Again, it seems it might be! It's standardized the I/O and string
handling facilities (and they're pretty good ones at that), AND it's
implemented some nice-looking parameter checking. Still, beware:
* BEING A "DRAFT STANDARD", IT MIGHT BE YEARS (OR DECADES) BEFORE
ALL OR MOST C COMPILERS HAVE ALL OF ITS FEATURES. Note, however,
that most modern C compilers already include some of the Draft
Standard's new features, except for the strengthened parameter
checking, which is still relatively rare.
* IF YOU THOUGHT KERNIGHAN & RITCHIE C WAS UGLY, YOU'LL STILL THINK
THIS ABOUT DRAFT STANDARD C. I don't want to imply that K&R C IS
ugly -- it's just that many old SPL, PASCAL, and ALGOL
programmers think so. It may not be objectively demonstrable, or
even objectively discussible; however, that's the reaction I've
seen in some (more than a few!) people. All I can say is this --
if you suffer from it, the Draft Standard still won't help you.

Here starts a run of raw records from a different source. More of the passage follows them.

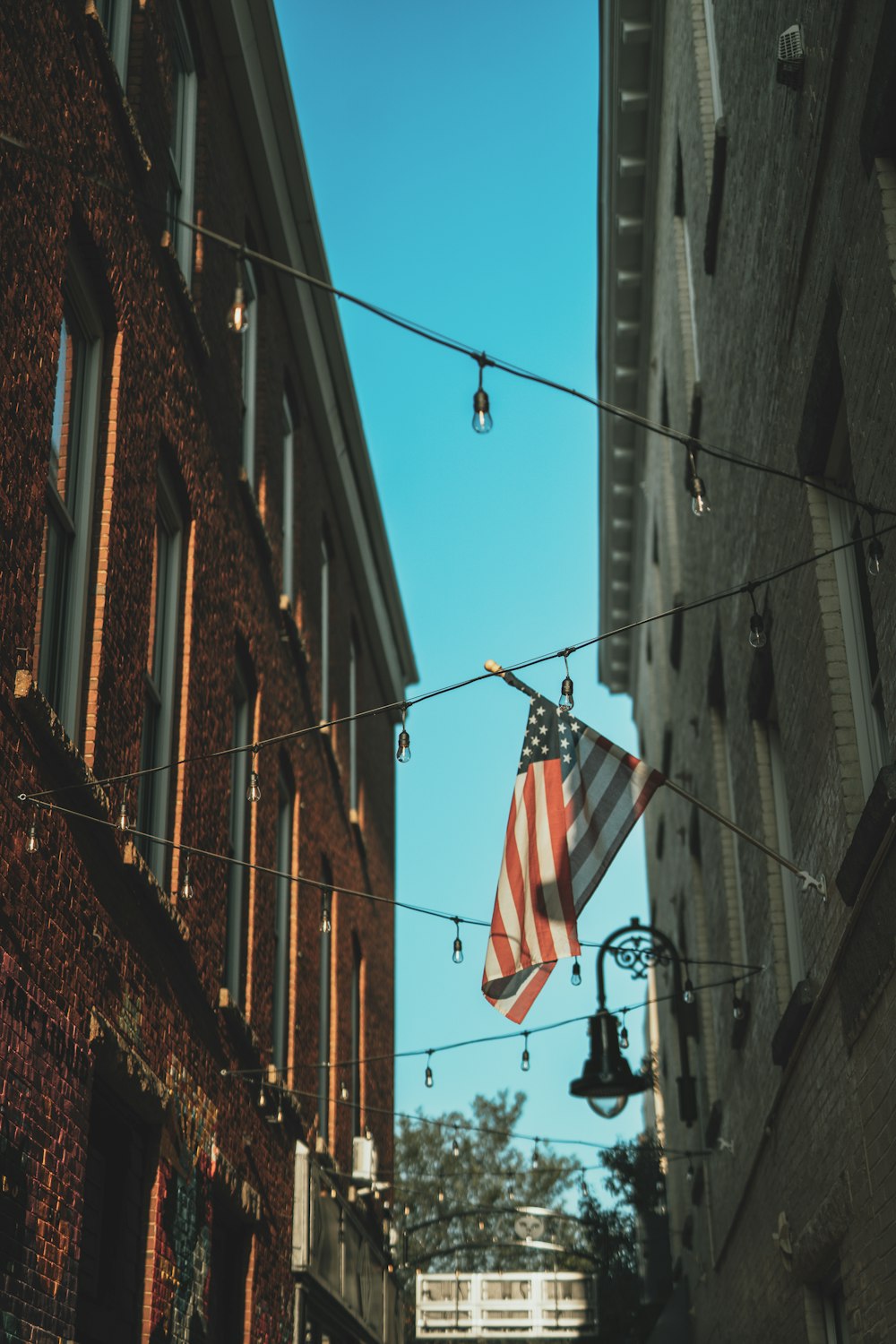 an american flag hanging on a clothes line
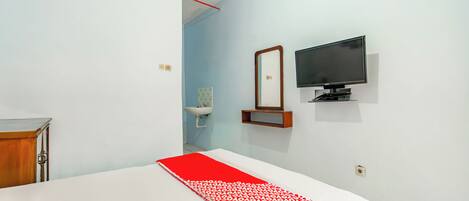 Habitación de hotel con una cama, televisor montado en la pared, una pequeña estantería y ventana con vista al exterior.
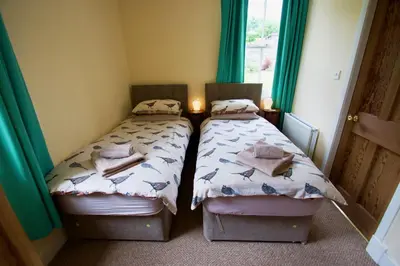 two beds in a small room with green curtains at Tigh Muileann in Killin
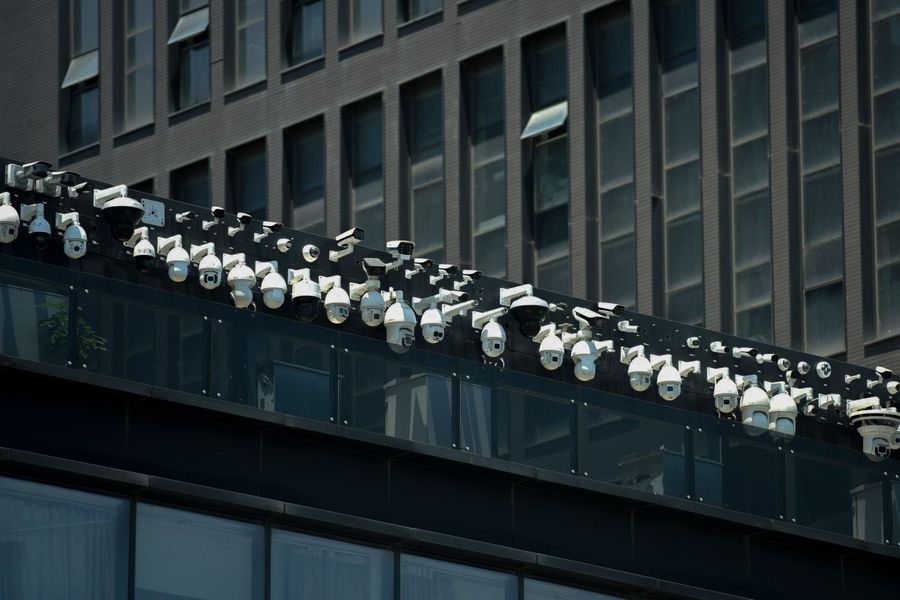 This file photo taken on 29 May 2019 shows Dahua surveillance cameras being installed on the Dahua Technologies office building in Hangzhou, in eastern China's Zhejiang province. Dahua Technology is a leading video surveillance equipment provider with an increasingly overseas footprint, with projects in Brazil, Italy, and other countries. (STR/AFP)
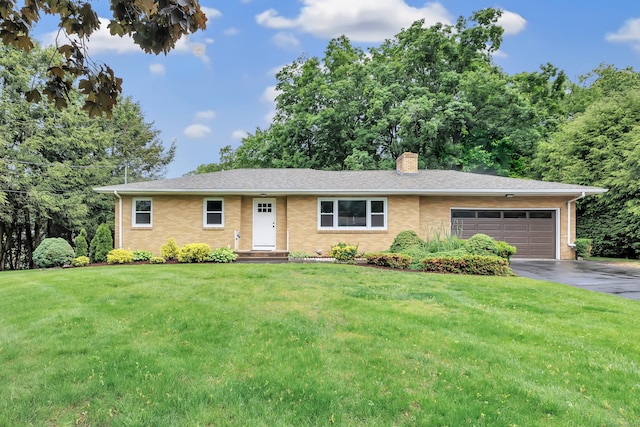 325 River Rd, Hamden, CT 06518 - single story home with asphalt driveway, a garage, a chimney, a front yard, and brick siding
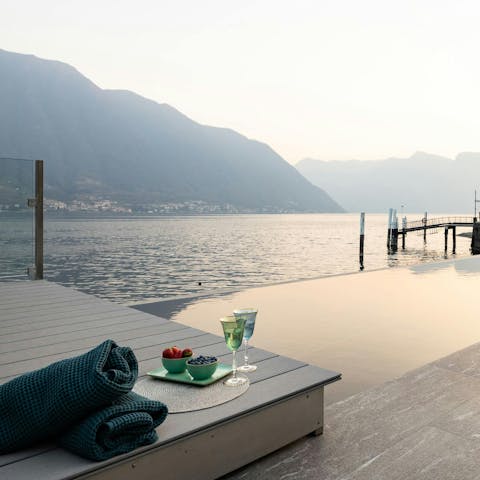 Drink in mesmerising lake views from the shared infinity pool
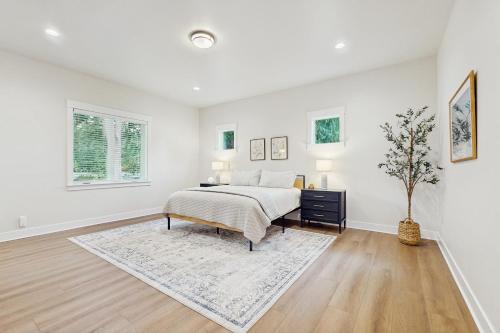 a white bedroom with a bed and a table at Lake Goodwin Retreat in Lake Goodwin
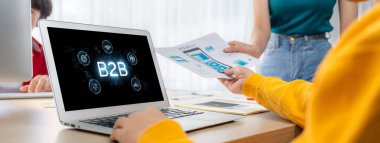 İş adamı B2B peyzajında geziniyor, iş-iş bağlantılarını geliştirmek için kullanım teknolojisi kullanıyor. B2B etkileşimini yeniden şekillendiren keşifler, iş-iş stratejilerinde yenilikleri yönlendiren araçlar. canlı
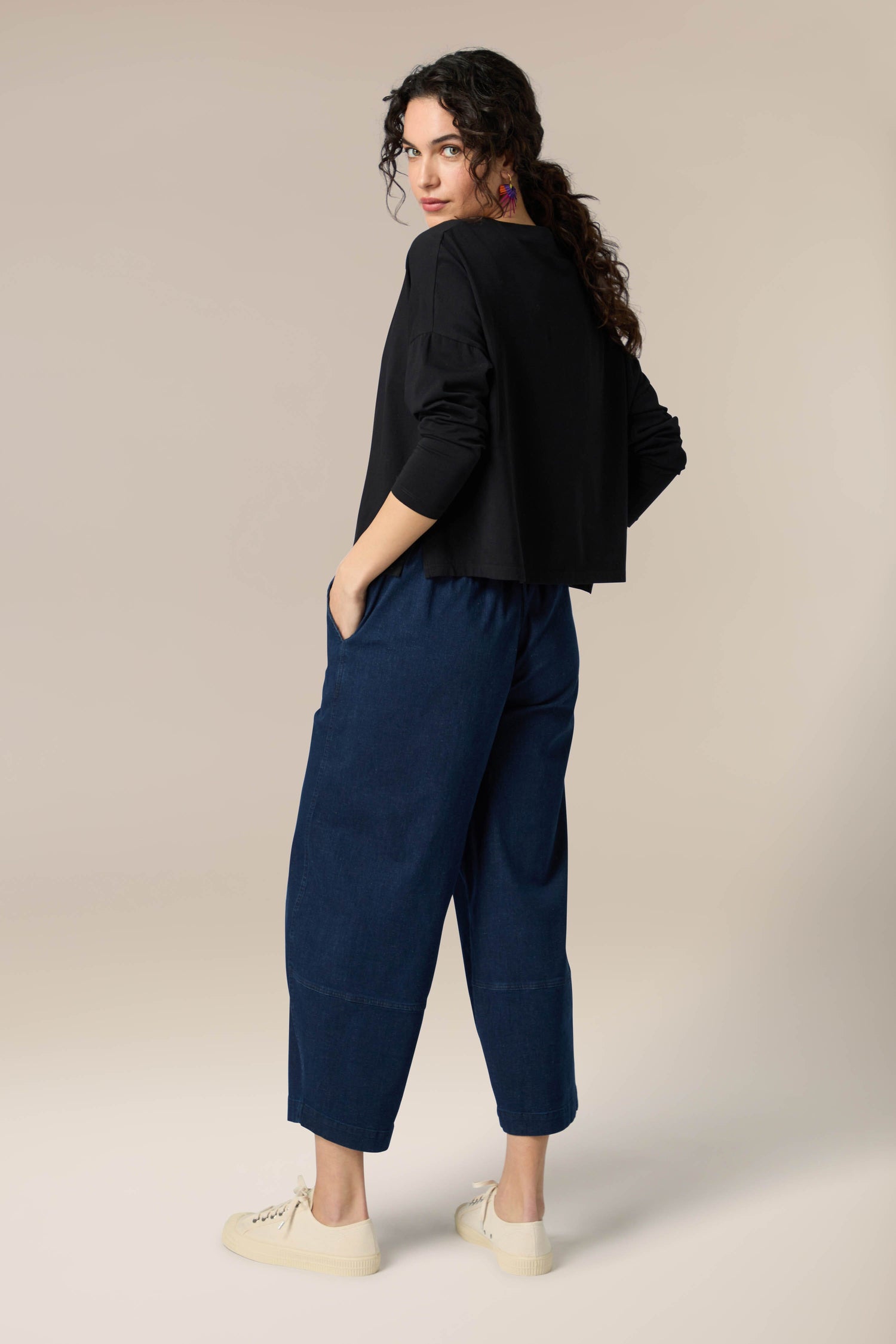 The woman's back view showcases a versatile Cotton Jersey Drapey Top paired with denim pants.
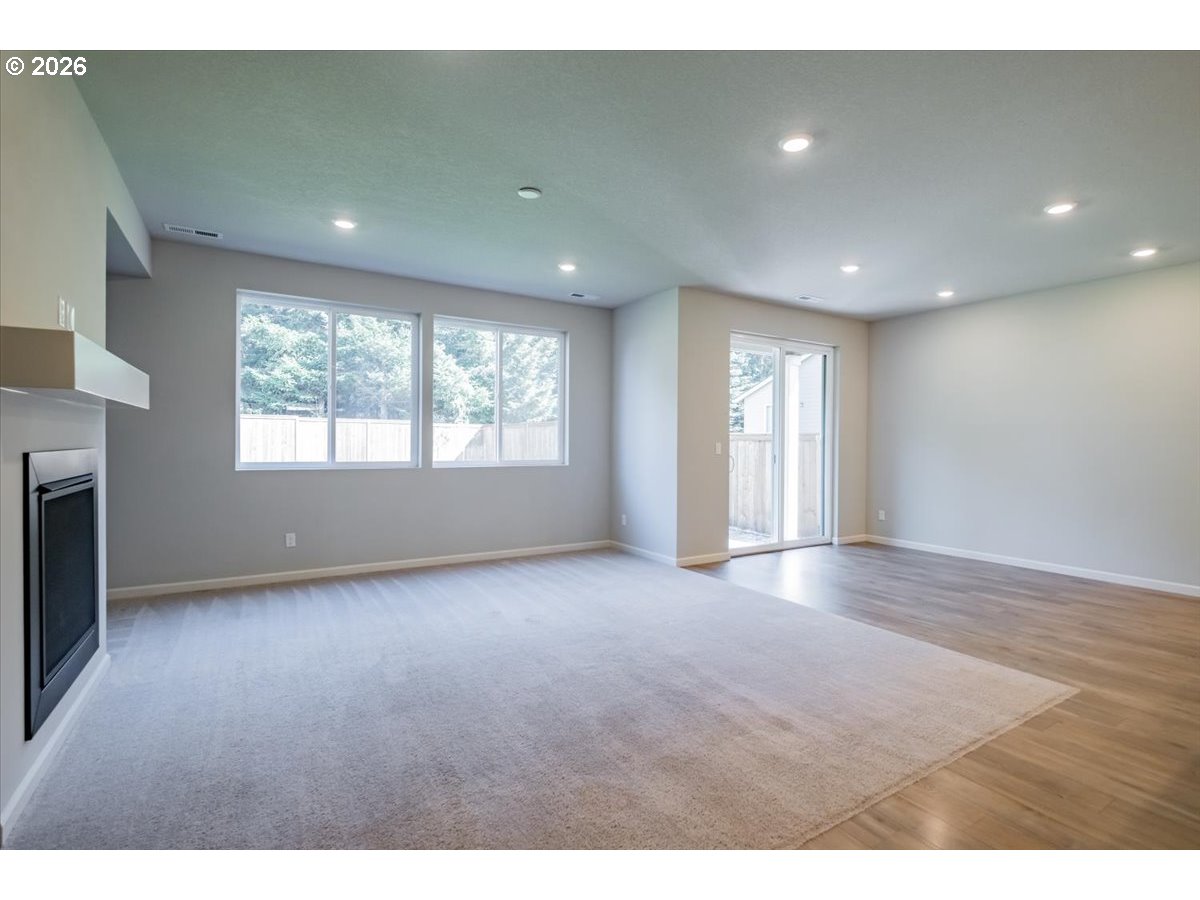 315 Cypress Street Mount Angel, OR 97362 - Photo 16 of 43 a view of an empty room with a window and fireplace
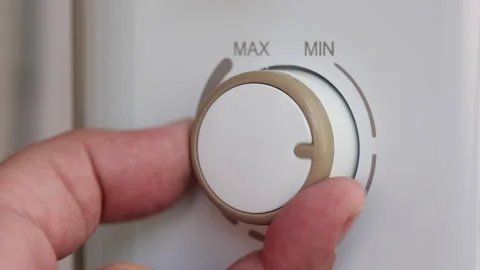 Hand Turning Temperature Knob On Electric Oil Heater Radiator. Stock Footage 284840934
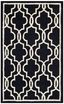 Hand-Tufted Black and Ivory Wool Geometric Rug, 2'6" x 4'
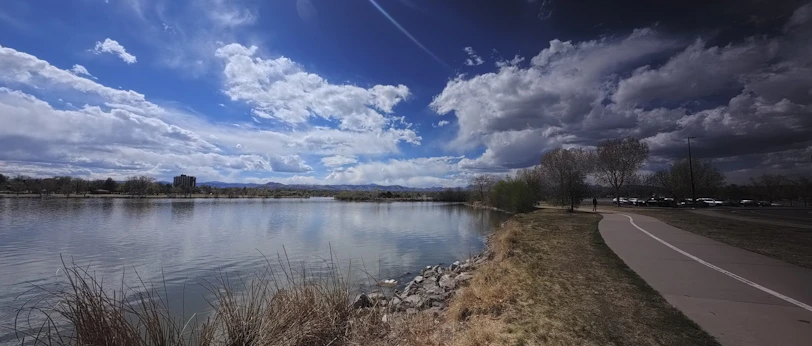 Lake with a paved path and dramatic cloudy sky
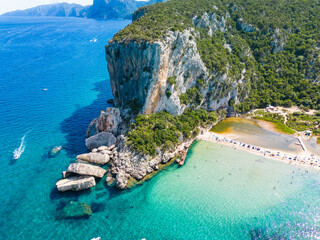 Drone view of the vibrant Cala Luna Beach on Sardinia island, Italy - 654937843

NICE FEATURES THAT SOME LANGUAGES DON'T HAVE AND OTHERS DO
The "PROBLEMS WITH" sections discussed things that could make
programming in SPL, PASCAL, or C a miserable experience. It emphasized
some things that were show-stoppers and others that simply frayed on
the nerves; one thing it conspicuously EXCLUDED were the good features
that you could live without, but would rather have. The following is a
summary of all these, plus some of the things we've already mentioned
above.
[Legend: "STD PAS" = Standard PASCAL or ISO Level 1 Standard;
"STD C" = Draft Proposed ANSI Standard;
"YES" = good implementation of this feature;
"YES+" = excellent or particularly nice implementation;
"YES-" = OK, so they've got it, but it's rather ugly;
"NO" = no;
"HNO" = Hell, no!;
"---" = Major loss! No support of REALLY IMPORTANT feature]
STD PAS/ PAS/ K&R STD
PAS 3000 XL C C SPL
RECORD STRUCTURES YES YES YES YES YES NO
STRINGS --- YES+ YES+ YES- YES+ YES
ENUMERATED DATA TYPES YES YES YES NO YES- NO
(see "DATA STRUCTURES")
SUBRANGE TYPES YES YES YES NO NO NO
(see "DATA STRUCTURES"; may not
be all that useful)
OPTIONAL PARAMETER/VARIABLE NUMBER NO NO YES+ YES- YES YES
OF PARAMETERS SUPPORT
(like SPL "OPTION VARIABLE")
NUMERIC FORMATTING/INPUT YES- YES- YES YES+ YES+ YES-
FILE I/O YES- YES YES+ YES- YES YES
(see "FILE I/O" chapter for more)
BIT ACCESS NO YES YES YES YES YES+
(see "OPERATORS")
POINTER SUPPORT NO NO YES YES YES YES
THE ABILITY TO WRITE PROCEDURE-LIKE NO NO YES YES YES NO
CONSTRUCTS THAT ARE COMPILED
"IN-LINE", FOR MAXIMUM EFFICIENCY
PLUS MAXIMUM MAINTAINABILITY
LOW-LEVEL ACCESS HNO HNO HNO NO NO YES
(ASSEMBLEs, TOS, registers --
often useless, sometimes vital!)
REALLY NICE FEATURES TO PAY ATTENTION TO
Just some interesting things, mostly implemented in only one of the
three languages. I just wanted to draw your attention to them, because
they can be quite nice:
* PASCAL/XL'S TRY/RECOVER CONSTRUCT. A really nifty contraption --
see the "CONTROL STRUCTURES" chapter for more info.
* C's "FOR" LOOP. You might think it's ugly, but it's quite a bit
more powerful -- in some very useful ways -- than SPL's or
PASCAL's looping constructs.
* C's "#define" MACRO FACILITY. I wish that PASCAL and SPL had it
too; it lets you do procedure-like things without the overhead of
a procedure call AND without the maintainability problems of
writing the code in-line. ALSO, it lets you add interesting new
constructs to the language (like defining your own looping
constructs, etc.).
* SPL's LOW-LEVEL SYSTEM ACCESS. Although you'd rather not have to
worry about registers, TOSs, ASSEMBLEs, etc., sometimes you need
to be able to manipulate them -- SPL lets you to do it.